Aborigines must change to survive: Mundine
Patricia Karvelas
10sep05

ABORIGINAL people must adapt to the modern capitalist environment or find themselves like a "species" unable to compete in a harsh world.

Warren Mundine, the incoming national president of the Labor Party, drew on the words of Charles Darwin in the provocative speech last night, which warned Aboriginal people about the need to change to survive.

"It is neither the strongest nor the most intelligent species that survive; it is the species that is most responsive to change," he said in the address to the conservative Bennelong Society.

"How very true those words are to the situation of indigenous Australians."

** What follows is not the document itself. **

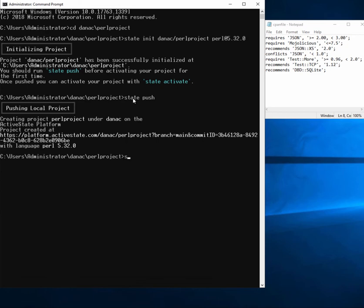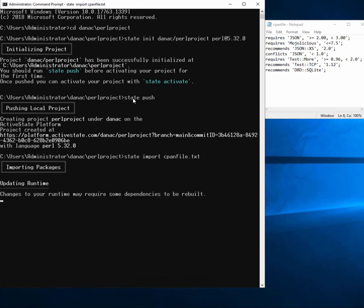That's done. Now I can go ahead and just run state import on my CPAM file, and that will tell the ActiveState platform to go ahead and update the runtime with all the packages in our CPAM file.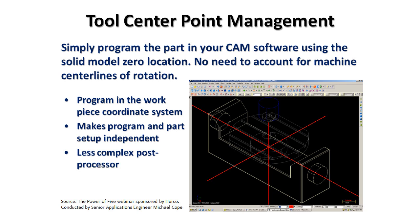I make a couple thousandths adjustment in X or Y, go ahead and rerun the program. No more do I have to go back to the CAM system and reposition things. It also makes the program and part setup independent of each other.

Mr Mundine also attacked Northern Territory Chief Justice Brian Martin, who handed down a one-month jail sentence to a man who had anal sex with a 14-year-old girl who had been promised to him as a wife when she was four.

"It was nothing but a disgrace and I call it judicial abuse of indigenous Australian children," he said. "How would that judge like to be dragged off the bench, bashed and anally raped? The man's a disgrace and the treatment of that girl is a disgrace."

Mr Mundine, who was presented with this year's Bennelong Medal by Employment Minister Kevin Andrews last night, also lambasted a group of indigenous leaders who, he said, wished "to preserve us as museum pieces as well and keep us locked in poverty and socially dysfunctional communities". "It keeps them in a job," he said.

In a speech to the Bennelong Society today, Wesley Aird, a leading member of the Howard Government's National Indigenous Council, will call on Aboriginal people to question whether it is reasonable for them to "disengage" from society and still expect to be "maintained" by the nation's taxpayers.

In a copy of the speech obtained by The Weekend Australian, Mr Aird says indigenous communities should "move with the times".

"Communities must genuinely look at the terms on which they engage with society," he says. "Communities must, in all seriousness, question whether the old-style welfare days of self-administration and the rights agenda have delivered a worthwhile result. They must also question whether it is reasonable to disengage from society and yet still expect to be maintained by the taxpayer."

In a speech to the society last night, Mr Andrews said about six in 10 indigenous Australians aged 15 and older relied on payments from the Government.